The ALJ then weighed the opinions of state agency physicians Dr. Bolz and Dr. Manos. (Tr. 24-25.) He accorded "limited weight" to Dr. Bolz's opinion, finding "the claimant to be more restricted" in terms of her standing/walking abilities, use of foot controls, and exposure to hazards. (Id.) The ALJ accorded "significant weight" to Dr. Manos' opinion, "as it is well supported by the evidentiary record, with the exceptions of Dr. Ravishankar's opinions above, and has incorporated her limitations into the [RFC]." (Tr. 25.)

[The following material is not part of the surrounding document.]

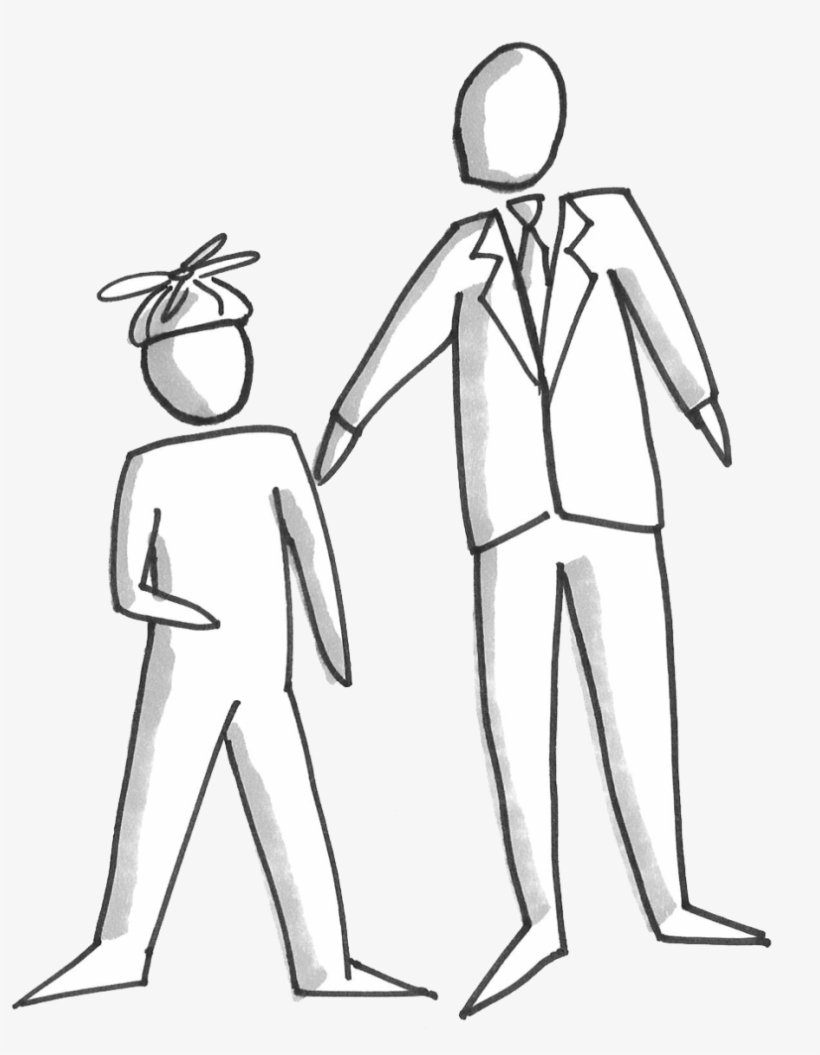 Younger Person And Older Person - Illustration, transparent png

The ALJ formulated the following RFC:

After careful consideration of the entire record, the undersigned finds that the claimant has the residual functional capacity to perform work that involves lifting/carrying no more than 20 pounds occasionally and 10 pounds frequently; standing/walking for a total of two hours in an eight hour workday; standing and walking at 15 minute intervals; sitting for approximately six hours in an eight hour workday; occasional use of bilateral lower extremity foot controls; never climb ladders, ropes, or scaffolds; occasionally climb ramps or stairs, balance, stoop, kneel, crouch, and crawl; and avoid all exposure to hazards, such as dangerous machinery and unprotected heights.

(Tr. 21.)

As an initial matter, the Court notes it is uncontested that Dr. Ravishankar constitutes Peterson's "treating physician" for purposes of social security regulations. The record reflects Peterson presented to Dr. Ravishankar on three occasions prior to his May 2014 opinion (in November 2012, April 2013, and November 2013), and the ALJ specifically identifies Dr. Ravishankar as Peterson's "treating physician" in the decision. Thus, and in the absence of any argument to the contrary, the Court finds the "good reasons" requirement applies to the ALJ's discussion of Dr. Ravishankar's opinion.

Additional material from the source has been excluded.